ABD Fulbright bürosu, Fulbright komisyonu, Fulbright bursu, Fulbright kredisi, …vb çok sayıda ad altında, yalnız Türkiye’de değil, hemen bütün ekonomik, siyasal işgali altındaki ülkelerde çalışmalarını sürdürmektedir.
27 Aralık 1947 tarihli; Türkiye ve ABD Hükümetleri Arasında Eğitim Komisyonu Kurulması hakkındaki Anlaşma”nın en önemli özelliği; Türkiye’de kazanılacak Amerikan yanlısı kadroların eğitilme biçiminin saptanması ve bu iş için gerekli giderleri karşılama yöntemlerinin belirlenmesidir. Belirlemeler aynı zamanda, Amerika’nın Türkiye’ye göndereceği uzman, araştırmacı, öğretim üyesi adı altındaki personel için de yapılmaktadır. ABD’ye, Türkiye’de “yardım” edip “işbirliği” yapacak, geleceğin “Türk” yöneticilerini yetiştirmek üzere, Amerika’ya götürülecek Türk öğrenci, öğretim üyesi ve kamu görevlilerinin konumları da bu anlaşmayla belirlenmektedir.

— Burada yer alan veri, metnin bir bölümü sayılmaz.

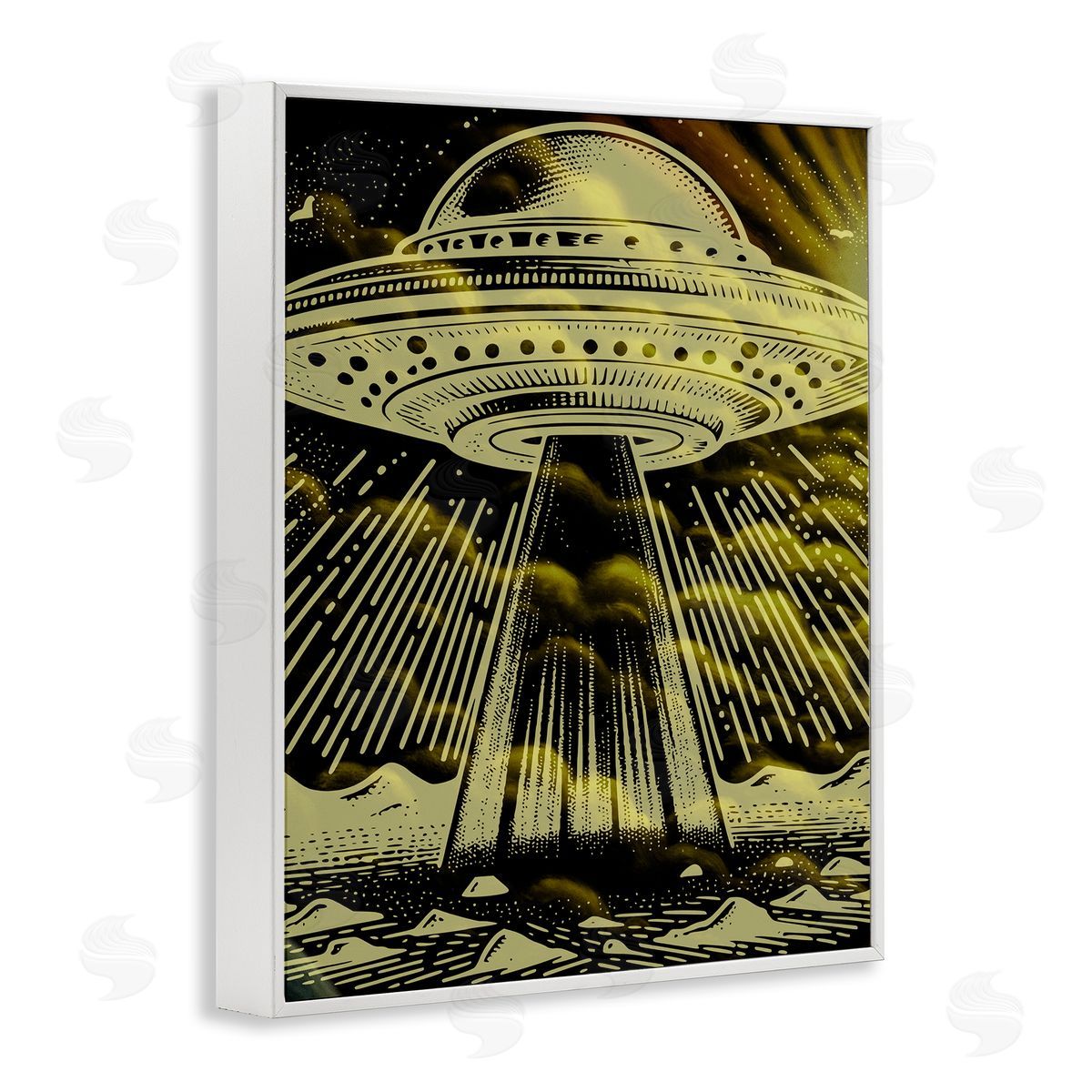Mysterious Alien UFO White Frame Print Wall Art, Home Decor by Jesse Keith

Anlaşmanın 5. maddesi, Türkiye’de Birleşik Devletler Eğitim komisyonunun kuruluşunu belirlemektedir. (Burası çok önemli) “Komisyon; dördü T.C vatandaşı, Dördü de ABD vatandaşı (ki ikisi mutlak C.I.A ajanı olmuştur)olmak üzere sekiz üyeden oluşacaktır. ABD’nin Türkiye’deki diplomatik misyon şefi, komisyonun fahri başkanı olacak ve komisyonda oyların eşit olması halinde kararı komisyon başkanı verecektir.”
Bu anlaşmayla, Milli Eğitim Bakanlığı’nda bugün çalışmalarını “etkin” bir biçimde sürdüren, personel politikalarından ders programlarına, pek çok konuda stratejik kararlar önerebilen, “Milli Eğitimi Geliştirme” adlı bir komisyon vardır. 1994 yılında 60 personeli olan bu komisyonda çalışanların üçte ikisi Amerikalıydı.

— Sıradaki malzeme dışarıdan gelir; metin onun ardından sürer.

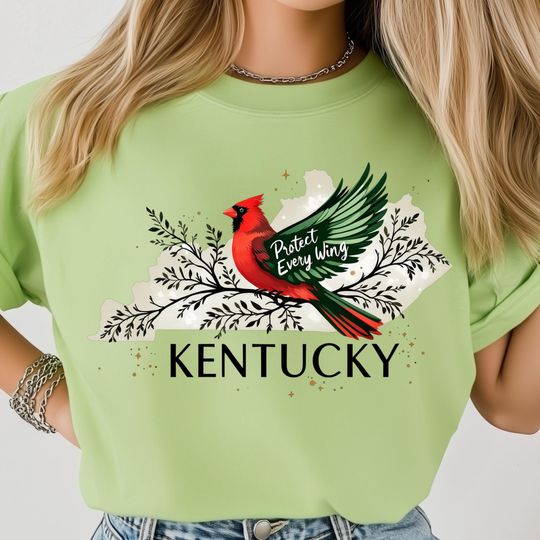 Protect Every Wing T-Shirt, Ecofriendly Tshirts Design, Kentucky Cardinal Bird Art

Amerikalıların Türk Milli Eğitimine 1947 dan beri süregelen ilgileri günümüze dek hiç eksilmedi.
Bu durum, 2007’de de böyledir ve FULBRİGHT COMMİSSİON adı altında Türk Milli Eğitimini biçimlendiren kurulun başında 2007’de Amerikan Büyük elçisi oturmaktadır.
Yalnızca Milli Eğitim’in değil, diğer pek çok bakanlıkların 1947’den başlayarak Amerikalı uzmanlar güdümlendiğine ilişkin acı gerçek, Türkiye’yi Amerikan yarı- sömürgesi durumuna düşürmüştür.
İşin garibi ise, 1947’den bu yana gelen hiçbir hükümetin bu anlaşmayı yürürlükten kaldıralım dememesidir.
Bu şerefli milletin gençlerine gerçek Türk Tarihi’ni öğretmek boynumuzun borcu olmalıdır. Zirâ Türk gencinin cesaretinin de, ferasetinin de, idrâkinin de, inancının da kaynağı gerçek Türk Tarihi’dir. Dolayısıyla, bizi eğitim de dahil her konuda Amerika’nın yarı sömürgesi yapan bu anlaşmadan derhal çıkmak zorundayız.